Did third-party candidates cost Hillary Clinton the election?

Updated

As the country begins to dissect the implications of Donald Trump's stunning victory in the 2016 election, the impact of third-party candidates is starting to come into focus.

The 2016 election has turned out to be historic in many respects. One way is just how unlikable both the Democratic nominee and the Republican nominee were. Hillary Clinton is viewed more unfavorably (55 percent) than favorably (44 percent), while president-elect Trump has an even larger divide with only 36 percent of voters having a positive opinion of Trump, while 63 percent feel the opposite.

Unlikability numbers like this can certainly increase the role that third-party candidates can play. And it seems it did just that.

Clinton lost some key battleground states like Florida and Pennsylvania by fewer votes than third-party candidates got. In Florida, the former secretary of state lost by just shy of 120,000 votes, handing Trump 29 electoral votes. Libertarian candidate Gary Johnson alone received about 206,000 votes.

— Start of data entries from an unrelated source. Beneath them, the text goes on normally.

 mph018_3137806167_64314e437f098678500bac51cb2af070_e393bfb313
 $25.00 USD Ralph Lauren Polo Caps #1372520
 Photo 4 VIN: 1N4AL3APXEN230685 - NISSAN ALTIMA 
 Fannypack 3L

Michigan was a similar story. Trump's margin of victory was under 12,000 votes and little-known Darrell Castle, the Constitution Party candidate, got just shy of 17,000 votes in the state. The Libertarian and Green Party candidates got over 223,000 votes.

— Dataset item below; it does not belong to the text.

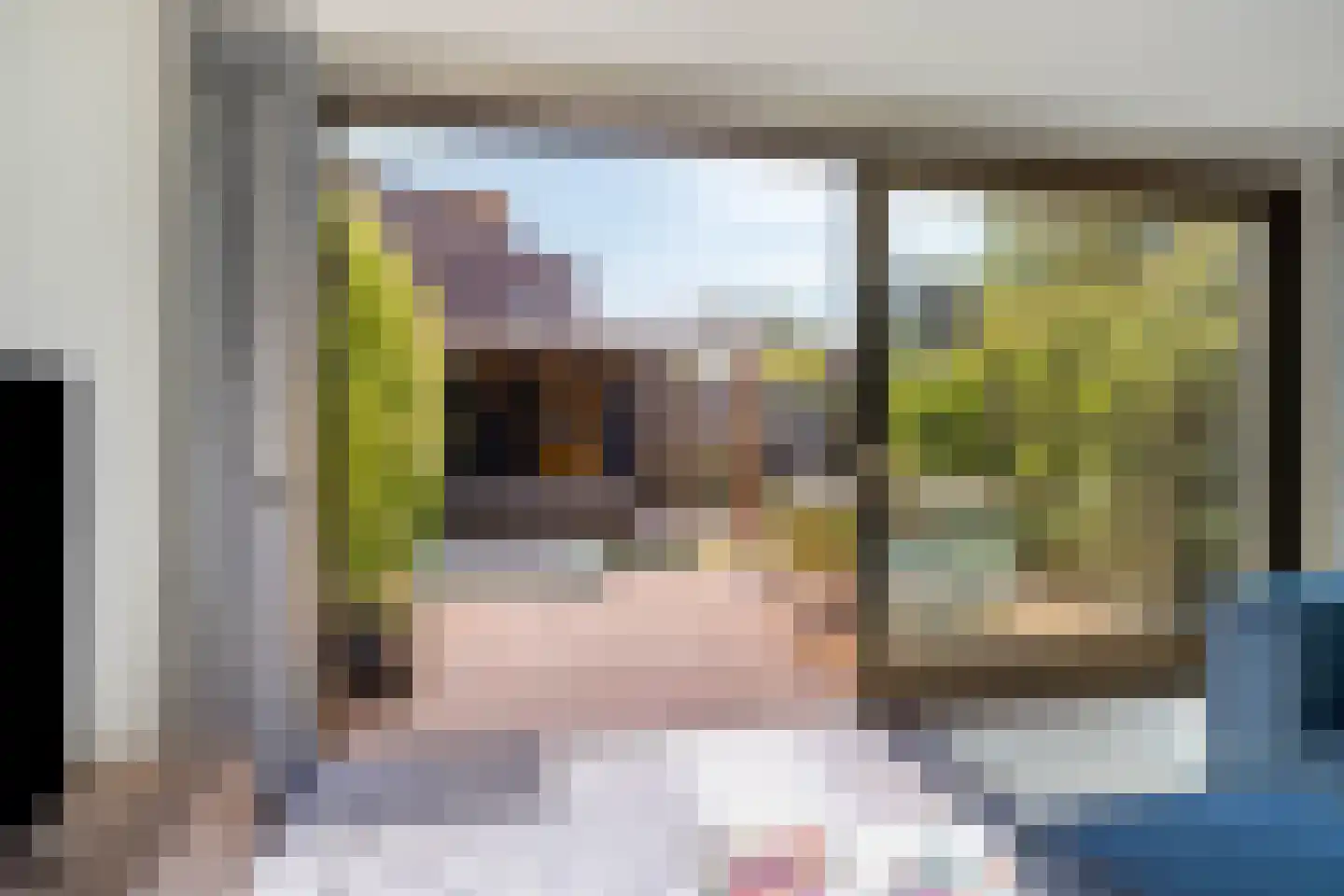 Humsterlandlaan 11 Groningen thumbnail 38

Stein alone received nearly 31,000 votes in Wisconsin, a state Clinton lost by just over 27,000 votes.

Some may be quick to say Johnson and Stein took votes away from either Trump or Clinton, but it's simply too hard to tell whether third-party voters would vote Trump or Clinton if those were the only options -- or if they would have voted at all.

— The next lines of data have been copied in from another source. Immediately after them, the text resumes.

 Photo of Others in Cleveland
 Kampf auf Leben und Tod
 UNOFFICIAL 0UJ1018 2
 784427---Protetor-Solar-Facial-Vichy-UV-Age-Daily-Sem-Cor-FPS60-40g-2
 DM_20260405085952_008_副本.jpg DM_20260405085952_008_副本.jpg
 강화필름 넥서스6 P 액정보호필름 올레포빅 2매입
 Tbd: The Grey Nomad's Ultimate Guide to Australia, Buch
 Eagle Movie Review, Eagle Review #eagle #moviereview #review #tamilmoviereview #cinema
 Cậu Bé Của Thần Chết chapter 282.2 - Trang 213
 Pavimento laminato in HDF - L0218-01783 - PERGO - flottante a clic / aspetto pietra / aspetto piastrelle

In the battleground states of Ohio and North Carolina, Clinton wouldn't have been able to pull off a victory even if every person who voted for a third-party candidate had cast their vote for her instead.

In Ohio, she would still be over 218,000 votes short. In North Carolina, she'd be down just shy of 50,000 votes.

Both Johnson and Stein received a greater percentage of the popular vote than they did in 2012.